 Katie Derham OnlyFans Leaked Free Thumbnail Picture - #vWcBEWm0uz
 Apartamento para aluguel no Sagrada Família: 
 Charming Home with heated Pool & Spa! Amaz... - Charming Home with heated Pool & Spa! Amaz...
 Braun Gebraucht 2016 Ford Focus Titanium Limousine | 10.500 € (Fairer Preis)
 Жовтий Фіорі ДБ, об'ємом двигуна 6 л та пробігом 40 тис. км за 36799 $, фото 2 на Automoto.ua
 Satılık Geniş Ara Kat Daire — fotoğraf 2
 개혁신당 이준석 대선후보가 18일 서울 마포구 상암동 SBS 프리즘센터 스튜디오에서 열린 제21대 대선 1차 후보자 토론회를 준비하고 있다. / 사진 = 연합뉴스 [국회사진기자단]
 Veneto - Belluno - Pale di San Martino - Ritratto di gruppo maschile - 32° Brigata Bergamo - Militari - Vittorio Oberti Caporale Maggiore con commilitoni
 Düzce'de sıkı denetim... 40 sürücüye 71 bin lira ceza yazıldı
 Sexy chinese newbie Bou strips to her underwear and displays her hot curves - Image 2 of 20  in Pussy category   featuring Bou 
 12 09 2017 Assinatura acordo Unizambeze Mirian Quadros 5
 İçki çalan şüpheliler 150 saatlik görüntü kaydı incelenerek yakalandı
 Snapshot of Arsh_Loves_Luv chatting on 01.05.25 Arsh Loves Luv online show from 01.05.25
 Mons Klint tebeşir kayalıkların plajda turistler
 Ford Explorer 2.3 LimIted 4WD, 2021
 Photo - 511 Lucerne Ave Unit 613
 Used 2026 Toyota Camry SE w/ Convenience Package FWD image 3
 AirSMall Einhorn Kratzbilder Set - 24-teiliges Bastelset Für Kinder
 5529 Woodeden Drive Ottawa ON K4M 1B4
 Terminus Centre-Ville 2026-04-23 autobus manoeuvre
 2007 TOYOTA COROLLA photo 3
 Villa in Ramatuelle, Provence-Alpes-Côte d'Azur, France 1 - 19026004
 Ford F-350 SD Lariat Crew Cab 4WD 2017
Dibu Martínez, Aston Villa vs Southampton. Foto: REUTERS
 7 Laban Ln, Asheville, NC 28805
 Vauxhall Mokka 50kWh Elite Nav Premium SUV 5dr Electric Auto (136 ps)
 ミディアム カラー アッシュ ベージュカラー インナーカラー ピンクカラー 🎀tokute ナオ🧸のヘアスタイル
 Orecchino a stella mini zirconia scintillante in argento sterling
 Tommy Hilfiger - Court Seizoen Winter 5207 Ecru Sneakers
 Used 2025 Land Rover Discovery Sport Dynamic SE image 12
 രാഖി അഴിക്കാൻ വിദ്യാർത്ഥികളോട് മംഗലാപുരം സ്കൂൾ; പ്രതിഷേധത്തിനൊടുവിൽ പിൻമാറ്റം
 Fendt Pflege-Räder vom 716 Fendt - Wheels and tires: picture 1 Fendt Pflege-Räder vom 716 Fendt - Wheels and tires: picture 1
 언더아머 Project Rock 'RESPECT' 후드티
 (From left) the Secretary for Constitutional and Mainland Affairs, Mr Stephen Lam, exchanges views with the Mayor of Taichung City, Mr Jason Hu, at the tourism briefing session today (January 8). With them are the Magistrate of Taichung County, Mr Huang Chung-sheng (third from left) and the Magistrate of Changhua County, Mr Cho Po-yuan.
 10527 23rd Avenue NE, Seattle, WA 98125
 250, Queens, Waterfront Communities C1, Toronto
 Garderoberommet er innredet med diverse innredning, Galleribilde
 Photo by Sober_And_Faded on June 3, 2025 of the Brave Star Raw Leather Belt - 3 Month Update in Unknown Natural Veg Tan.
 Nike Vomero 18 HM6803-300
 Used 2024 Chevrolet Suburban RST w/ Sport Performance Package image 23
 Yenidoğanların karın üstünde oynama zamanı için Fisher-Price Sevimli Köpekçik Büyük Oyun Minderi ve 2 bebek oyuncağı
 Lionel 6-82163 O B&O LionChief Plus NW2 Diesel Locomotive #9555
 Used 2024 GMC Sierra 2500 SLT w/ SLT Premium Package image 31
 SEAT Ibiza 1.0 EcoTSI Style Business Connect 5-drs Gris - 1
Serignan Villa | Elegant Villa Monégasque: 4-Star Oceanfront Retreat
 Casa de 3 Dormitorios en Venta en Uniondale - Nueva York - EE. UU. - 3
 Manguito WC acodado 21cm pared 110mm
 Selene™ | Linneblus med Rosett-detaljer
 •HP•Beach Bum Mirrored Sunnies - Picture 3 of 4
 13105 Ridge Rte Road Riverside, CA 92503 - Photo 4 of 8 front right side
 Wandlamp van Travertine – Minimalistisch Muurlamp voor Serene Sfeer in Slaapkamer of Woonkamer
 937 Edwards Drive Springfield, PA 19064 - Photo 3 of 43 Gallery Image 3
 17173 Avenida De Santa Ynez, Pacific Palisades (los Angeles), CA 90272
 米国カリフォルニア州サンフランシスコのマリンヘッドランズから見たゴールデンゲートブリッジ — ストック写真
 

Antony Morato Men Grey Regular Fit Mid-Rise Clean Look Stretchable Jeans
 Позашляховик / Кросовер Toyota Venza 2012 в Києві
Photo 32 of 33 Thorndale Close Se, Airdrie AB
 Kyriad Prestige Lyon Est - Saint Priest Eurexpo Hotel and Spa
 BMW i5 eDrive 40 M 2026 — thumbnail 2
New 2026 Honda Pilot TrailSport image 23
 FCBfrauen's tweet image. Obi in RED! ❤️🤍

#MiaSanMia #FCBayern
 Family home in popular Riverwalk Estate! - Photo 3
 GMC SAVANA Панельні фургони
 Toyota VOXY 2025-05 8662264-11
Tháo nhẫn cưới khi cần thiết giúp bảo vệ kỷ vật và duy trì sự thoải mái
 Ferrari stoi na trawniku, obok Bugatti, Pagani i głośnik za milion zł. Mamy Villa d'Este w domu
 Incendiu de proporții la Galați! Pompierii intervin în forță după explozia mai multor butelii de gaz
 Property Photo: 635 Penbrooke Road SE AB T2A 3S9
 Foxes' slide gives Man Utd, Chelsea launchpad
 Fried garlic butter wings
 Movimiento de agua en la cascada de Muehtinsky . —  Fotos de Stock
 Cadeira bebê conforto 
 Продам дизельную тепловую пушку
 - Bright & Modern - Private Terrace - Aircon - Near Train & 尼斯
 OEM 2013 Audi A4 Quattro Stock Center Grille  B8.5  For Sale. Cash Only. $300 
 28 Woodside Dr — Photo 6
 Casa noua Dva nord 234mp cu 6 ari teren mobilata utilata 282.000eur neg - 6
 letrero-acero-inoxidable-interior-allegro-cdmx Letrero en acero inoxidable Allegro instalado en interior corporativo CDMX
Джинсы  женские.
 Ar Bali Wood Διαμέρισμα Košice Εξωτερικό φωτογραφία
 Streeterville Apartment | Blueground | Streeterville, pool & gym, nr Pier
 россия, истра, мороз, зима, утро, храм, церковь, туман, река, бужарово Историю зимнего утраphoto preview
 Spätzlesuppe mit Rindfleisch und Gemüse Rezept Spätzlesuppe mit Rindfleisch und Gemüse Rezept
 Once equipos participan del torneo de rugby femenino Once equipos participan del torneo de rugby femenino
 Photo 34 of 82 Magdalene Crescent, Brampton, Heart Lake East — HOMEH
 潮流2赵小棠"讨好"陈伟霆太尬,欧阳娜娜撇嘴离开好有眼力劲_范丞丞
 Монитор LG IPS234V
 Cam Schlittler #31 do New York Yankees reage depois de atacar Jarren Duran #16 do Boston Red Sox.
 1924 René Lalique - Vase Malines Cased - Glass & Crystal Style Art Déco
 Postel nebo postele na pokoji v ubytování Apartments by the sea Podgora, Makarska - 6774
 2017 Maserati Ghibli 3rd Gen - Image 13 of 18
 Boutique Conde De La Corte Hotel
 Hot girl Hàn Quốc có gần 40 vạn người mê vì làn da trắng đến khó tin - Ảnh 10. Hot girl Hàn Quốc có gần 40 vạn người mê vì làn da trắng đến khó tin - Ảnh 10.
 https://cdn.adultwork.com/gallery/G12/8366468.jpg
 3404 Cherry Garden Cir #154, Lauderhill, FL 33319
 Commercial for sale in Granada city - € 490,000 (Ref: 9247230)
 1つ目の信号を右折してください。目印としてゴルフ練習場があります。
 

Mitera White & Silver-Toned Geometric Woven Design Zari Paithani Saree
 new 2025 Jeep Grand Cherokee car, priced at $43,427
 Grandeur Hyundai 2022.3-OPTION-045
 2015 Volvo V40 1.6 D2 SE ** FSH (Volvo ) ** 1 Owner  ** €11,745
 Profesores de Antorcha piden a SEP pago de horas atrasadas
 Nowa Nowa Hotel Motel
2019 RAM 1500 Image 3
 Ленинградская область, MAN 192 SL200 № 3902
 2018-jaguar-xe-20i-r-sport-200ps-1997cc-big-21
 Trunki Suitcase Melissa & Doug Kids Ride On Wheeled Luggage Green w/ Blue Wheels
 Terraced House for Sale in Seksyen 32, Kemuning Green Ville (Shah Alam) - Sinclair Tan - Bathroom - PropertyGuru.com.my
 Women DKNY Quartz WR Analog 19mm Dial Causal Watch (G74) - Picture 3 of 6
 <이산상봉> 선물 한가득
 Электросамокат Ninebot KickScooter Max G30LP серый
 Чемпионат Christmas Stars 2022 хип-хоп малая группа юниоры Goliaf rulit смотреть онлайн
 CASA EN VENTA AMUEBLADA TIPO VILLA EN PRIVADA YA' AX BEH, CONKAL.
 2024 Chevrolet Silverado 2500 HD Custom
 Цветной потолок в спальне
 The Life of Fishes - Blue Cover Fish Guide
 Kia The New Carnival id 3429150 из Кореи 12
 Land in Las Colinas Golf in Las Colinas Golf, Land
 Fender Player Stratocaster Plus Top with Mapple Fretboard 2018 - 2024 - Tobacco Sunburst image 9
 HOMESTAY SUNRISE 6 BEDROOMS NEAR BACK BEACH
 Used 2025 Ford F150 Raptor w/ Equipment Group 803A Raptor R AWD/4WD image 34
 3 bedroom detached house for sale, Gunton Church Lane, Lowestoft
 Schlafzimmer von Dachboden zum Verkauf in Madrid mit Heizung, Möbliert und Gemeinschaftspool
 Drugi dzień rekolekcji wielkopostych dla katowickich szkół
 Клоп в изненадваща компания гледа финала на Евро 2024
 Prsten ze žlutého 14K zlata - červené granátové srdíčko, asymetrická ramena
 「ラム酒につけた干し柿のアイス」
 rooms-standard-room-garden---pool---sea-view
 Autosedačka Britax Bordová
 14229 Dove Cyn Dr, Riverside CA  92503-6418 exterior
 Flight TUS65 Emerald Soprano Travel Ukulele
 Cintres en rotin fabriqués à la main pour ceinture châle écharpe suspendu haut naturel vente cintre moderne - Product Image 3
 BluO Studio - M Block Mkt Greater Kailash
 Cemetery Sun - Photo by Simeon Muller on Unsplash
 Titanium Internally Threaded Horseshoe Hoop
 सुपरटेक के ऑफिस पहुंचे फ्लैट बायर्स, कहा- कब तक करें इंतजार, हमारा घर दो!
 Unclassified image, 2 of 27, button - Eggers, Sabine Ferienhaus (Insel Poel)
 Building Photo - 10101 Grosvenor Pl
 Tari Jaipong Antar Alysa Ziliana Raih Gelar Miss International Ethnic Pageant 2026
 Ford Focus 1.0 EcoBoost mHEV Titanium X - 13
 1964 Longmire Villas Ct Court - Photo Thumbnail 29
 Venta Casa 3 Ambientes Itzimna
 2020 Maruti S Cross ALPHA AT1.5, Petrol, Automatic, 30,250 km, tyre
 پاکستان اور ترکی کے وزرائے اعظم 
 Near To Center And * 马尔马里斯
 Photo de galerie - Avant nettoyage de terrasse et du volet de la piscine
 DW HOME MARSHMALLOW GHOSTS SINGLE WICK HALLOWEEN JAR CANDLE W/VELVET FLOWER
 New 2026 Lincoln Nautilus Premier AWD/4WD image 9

> **Task requirements**
Beginning at the line above with "Tháo nhẫn cưới" and finishing at the line with "Ar Bali Wood", return each line exactly and return nothing else.

> **Result for this task**
Tháo nhẫn cưới khi cần thiết giúp bảo vệ kỷ vật và duy trì sự thoải mái
 Ferrari stoi na trawniku, obok Bugatti, Pagani i głośnik za milion zł. Mamy Villa d'Este w domu
 Incendiu de proporții la Galați! Pompierii intervin în forță după explozia mai multor butelii de gaz
 Property Photo: 635 Penbrooke Road SE AB T2A 3S9
 Foxes' slide gives Man Utd, Chelsea launchpad
 Fried garlic butter wings
 Movimiento de agua en la cascada de Muehtinsky . —  Fotos de Stock
 Cadeira bebê conforto 
 Продам дизельную тепловую пушку
 - Bright & Modern - Private Terrace - Aircon - Near Train & 尼斯
 OEM 2013 Audi A4 Quattro Stock Center Grille  B8.5  For Sale. Cash Only. $300 
 28 Woodside Dr — Photo 6
 Casa noua Dva nord 234mp cu 6 ari teren mobilata utilata 282.000eur neg - 6
 letrero-acero-inoxidable-interior-allegro-cdmx Letrero en acero inoxidable Allegro instalado en interior corporativo CDMX
Джинсы  женские.
 Ar Bali Wood Διαμέρισμα Košice Εξωτερικό φωτογραφία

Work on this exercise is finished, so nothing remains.